In our example, the null hypothesis is : gender and behaviour are independent of each other.

2. Normalized squared deviation

import pandas as pd

df = pd.DataFrame([[20,15],[11,12],[7,9]], index=['stop','slow','noslow'], columns=['male','female'])
original_df = df.copy()

df['total'] = df.sum(axis = 1)
df.loc['total'] = df.sum(axis=0)
df

male female total
stop 20 15 35
slow 11 12 23
noslow 7 9 16
total 38 36 74

For the null hypothesis to be true, the fraction of males and females should be same across all the behaviours. That’s how we will calculate our expected values for the null hypothesis.

How to calculate the expected value?

for each cell, we multiply the row sum by the column sum and divide the result by the total number of observations

df.loc['fraction'] = df.loc['total']/df['total'].loc['total']

def highlightrow(series, rowsToHighlight):
    return ['background-color: yellow']* len(series) if series.name in rowsToHighlight else ['']* len(series)
df.style.apply(highlightrow,axis = 1, rowsToHighlight='fraction')
male female total
stop 20 15 35
slow 11 12 23
noslow 7 9 16
total 38 36 74
fraction 0.513514 0.486486 1
df['male'] = df['total'] * df['male'].loc['fraction']
df['female'] = df['total'] * df['female'].loc['fraction']
df = df.drop(labels=['total','fraction']).drop(columns = ['total'])
expected_df = df
expected_df
male female
stop 17.972973 17.027027
slow 11.810811 11.189189
noslow 8.216216 7.783784

3. Chi-squared distance

The chi-squared distance calculates how much the observed frequency deviates from the expected frequency. Chi squared distance is the sum of normalized square deviation of all the observations.

$\sum_{1}^{n} {\frac{(O-E)^2}{E}}$

deviations = (original_df - expected_df )**2/df
deviations
male female
stop 0.228612 0.241313
slow 0.055662 0.058754
noslow 0.180032 0.190034
chi_distance = deviations.sum().sum()
chi_distance
0.9544070774762996

4. Statistical significance

A set of categorical variables will always have some variation in the behaviour. For example if we toss a coin 100 times, the expection is to get 50 heads and 50 tails. Butwe might get 51 heads and 49 tails. Still we dont think, there is something odd with the coin as the deviation is not statistical significance.

Similarly, for our example, we find the chi-squared deviation to be 4.97. But how do we know if this deviation is significant or not!!

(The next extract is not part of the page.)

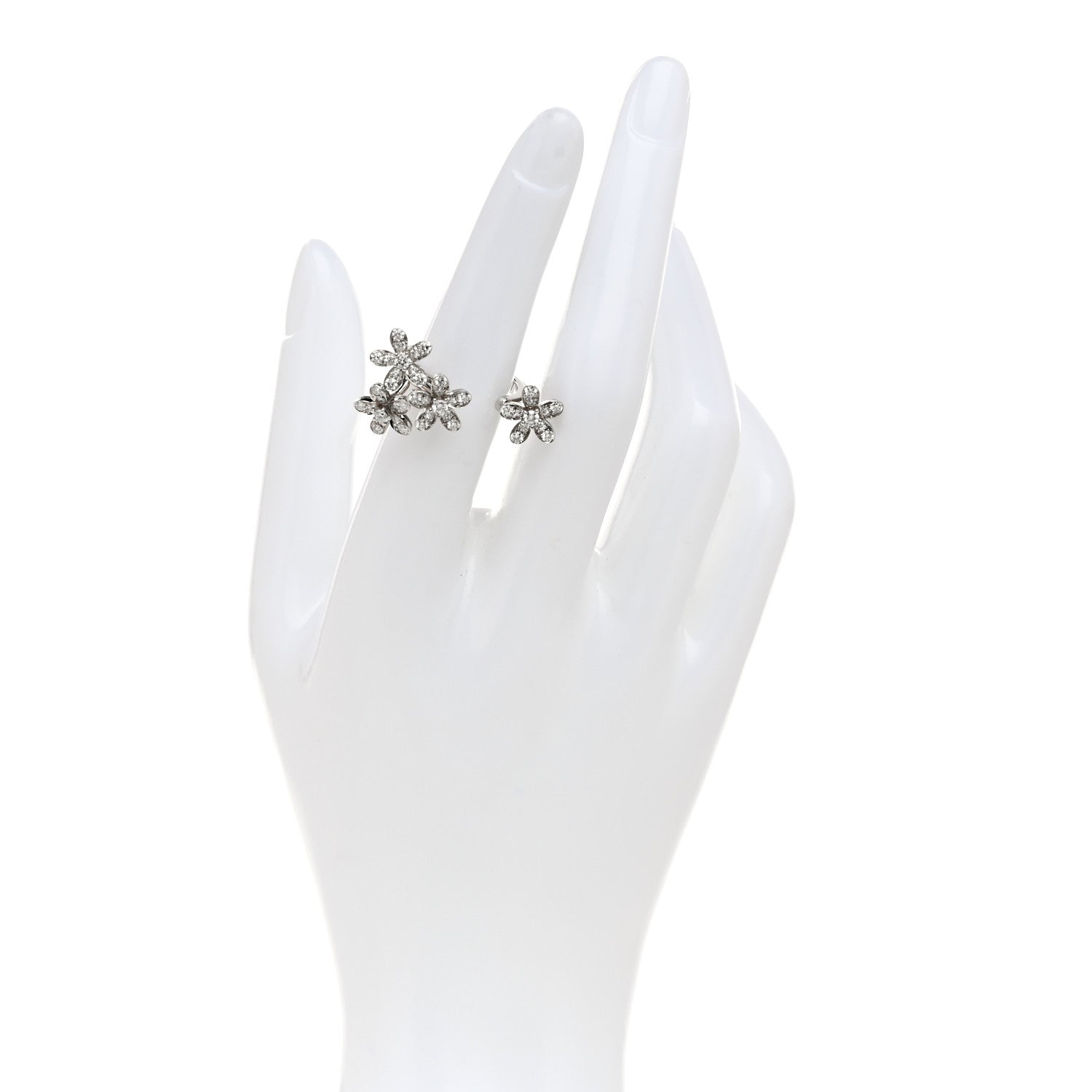 Van Cleef & Arpels 18K White Gold Diamond Socrate Between the Finger Ring 51 5.75 2 of 4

For that we will use two concepts.

  1. Chi-squared distribution
  2. Degrees of freedom

chi-squared distribution is the probability distribution of chi squared distances for k degrees of freedom.

If our null hypothesis was true, then the chi squared distance, if we repeat the experiment multiple times, will be distributed according to the chi-squared distribution.

chisquared

Our example has only 2 degree of freedoms as all the other values can be derived from the row and column totals. Now let’s calculate, what’s the probability of getting chi squared distance of 0.9544 if our null hypothesis was true(i.e. gender and behaviour are independent).

The green line (k=2) from the above graph constitutes the distribution for 2 degrees of freedom. As evident, the probability of getting a chi squared distance >= 0.9544 will be the area under the green line for x>0.9544.

To calculate the exact number, a library called scipy can be used.

from scipy.stats import chi2
1 - chi2.cdf(chi_distance, 2)
0.6205162173513055

Hence there is 62% possibility of getting a deviation bigger than 0.9544. That means our null hypothesis is correct.

Shortcut

The entire calculation could also have been done using a single command.

from scipy.stats import chi2_contingency
chi2_contingency(original_df.values)
#help(chi2_contingency)
(0.9544070774762996, 0.6205162173513055, 2, array([[17.97297297, 17.02702703],
        [11.81081081, 11.18918919],
        [ 8.21621622,  7.78378378]]))

Conclusion

The contingency table analysis using chi-squared distance proves that human behaviour at stop signs is independent of gender.